I don’t know, maybe they just wanted a nice, likable boy so no one thought they had read Y: The Last Man with a bit too much gusto. Do they have “oh, shit, this movie is for real people, we’re not an indie movie, you’re allowed to enjoy this even if you’re not a lesbian!” in Sweden? But still, you could cut out Blomkvist without losing much. Give what little he does that isn’t covered by Lisbeth to Henrik, beef up that character so his ending has more weight. Plus, , instead of “girl saves boy,” you could have “girl saves self.” Imagine the pop if she let Martin rant away, all while she’s calmly pulling a lockpick from her bracelet because oh, shit, after she got raped she learned how to pick locks. Then an escape/chase/fight scene and she goes home to her weirded-out-but-tolerant girlfriend.
no subject
Date: 2010-04-16 09:20 pm (UTC)She only works as viewed through the lens of people like Blomkvist, on her own she's more a force of nature.
(Oh, and her bisexuality is a fairly big plot point in the second film.)
no subject
Date: 2010-04-16 09:38 pm (UTC)However, as it is a murder mystery I think Blomkvist is actually essential; much more so in the film than the book for the simple reason that Salander is so undemonstrative and uncommunicative, the audience wouldn't understand her thought processes in the slightest if she didn't have to explain them to a straigt man. So Blomkvist is the Watson, the House-ettes, the layperson the genius can explain their insights to.

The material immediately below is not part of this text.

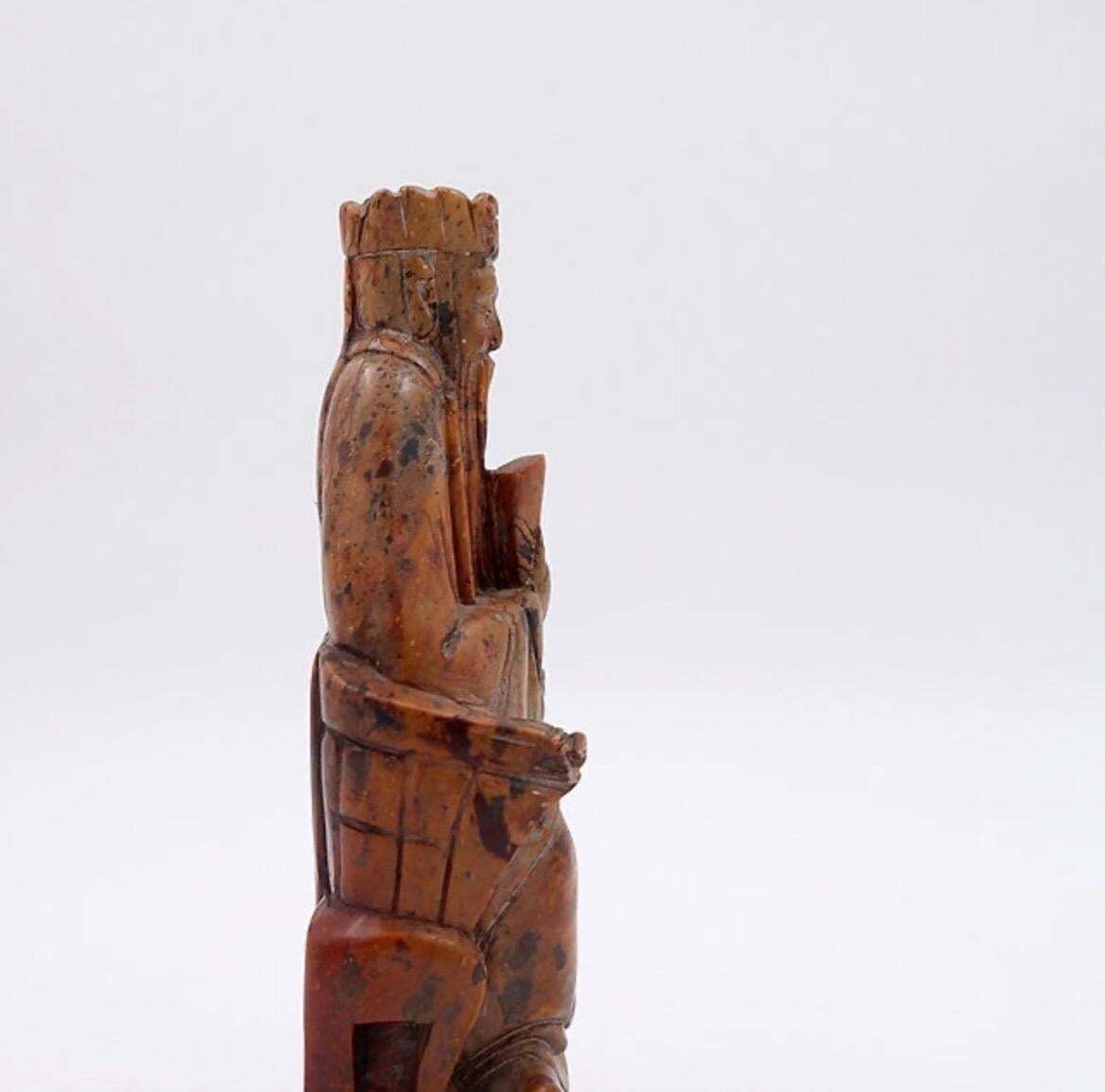 Art A Stone Seal Carved With A Seated Official China, 20th photo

Besides, I don't see him as the hero of this film at all, really. Lisbeth steals the show, though she really only steps into play later on. And I quite like how girly Blomkvist gets about her, wanting to share a bed and play with her hair and talk about the future. They're an interesting duo, in which Salander is decidedly the Batman.
no subject
Date: 2010-04-19 09:28 am (UTC)The movie was pretty good considering that the book is 500+ pages. Of course they had to change a couple of thing, but it was as close to the book as it gets.
This will sound bad, but I don't want to see a US remake of the movie. Simple because they will hire some A list female actress that will look like nothing to book!Salander and ruin everything.
Anyway, if you can read the books. I love the books so much that I have them both in paper and in my computer :)
no subject
Date: 2010-04-20 07:26 am (UTC)I mean, I don't have a vendetta against K-Stew, but she's no Noomi Rapace. (Well, Noomi Rapace is quite different from the Lisbeth in the books; actually K-Stew is probably closer. But Noomi Rapace is the reason I like the films more than the books.)